India is advancing towards the adoption of E85 fuel, a petrol blended with 85% ethanol, along with E100 options designed for flex-fuel vehicles capable of utilizing any ethanol blend. This strategic initiative appears timely, especially as global crude oil market instability resumed in 2026, spurred by the Strait of Hormuz blockade and widespread supply chain disruptions. India’s foresight with its ethanol-blended petrol program, launched over twenty years ago, has provided a buffer against these fuel challenges.
The initiative began in January 2003 with a modest target of 5% ethanol blending across nine states, which initially garnered little public attention. By 2014, the national average for ethanol blending stood at only 1.53%. However, the program’s foundation was carefully established through gradual policy enhancements, the expansion of distillery capabilities, and a long-term vision for energy transition.
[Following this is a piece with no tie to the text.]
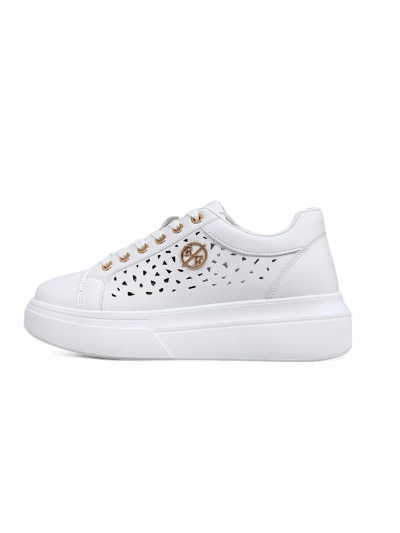 Sneakers de damă Calista Bianco din piele ecologică, ajurați, de primăvară, 4,5 cm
A significant turning point occurred in 2018 when the National Policy on Biofuels broadened the program’s scope. It allowed for a variety of ethanol feedstocks including damaged food grains, surplus rice, maize, and agricultural residues, reducing dependency on water-intensive sugarcane. This diversification also integrated grain-producing regions in north and central India into the ethanol economy, thereby creating new revenue opportunities for farmers.
The subsequent increase in ethanol blending was substantial, soaring nearly 20-fold from 380 million liters in 2013-14 to 7.07 billion liters in 2023-24. Blending levels rose to 14.6% in 2023-24, with projections of nearly 18% by the end of 2024, and a targeted 20% by March 2025—achieved five years ahead of the initial schedule.
Currently, India’s ethanol production exceeds the requirements for E20 blending, and this surplus presents a strategic advantage, laying the groundwork for even higher blends like E25, E30, and E40.
Looking forward, the framework for E85 fuels is being drafted, alongside initiatives for flex-fuel vehicles (FFVs). The CAFE III emission regulations, anticipated to be imposed in April 2027, are under review, with suggestions that FFVs be regarded on equal footing with electric vehicles concerning emission credits.
Such measures could hasten the adoption of FFVs and further entrench ethanol’s significance in the transportation sector. Moreover, the aviation industry is emerging as an additional opportunity for blended fuels. In April, the Indian government modified aviation turbine fuel (ATF) regulations to incorporate blended and synthetic fuels, paving the way for sustainable aviation fuel (SAF). Blending targets for SAF are set at 1% by 2027, 2% by 2028, and 5% by 2030, marking a crucial entry point for ethanol into a high-value sector.
The framework has been established, production capacity exists, feedstocks have diversified, and flex-fuel vehicles are on the horizon. What remains essential for the success of India’s ethanol program is ongoing commitment—a continuity of the patient effort that has driven its initial progress.
The writer is President of the Grain Ethanol Manufacturers’ Association.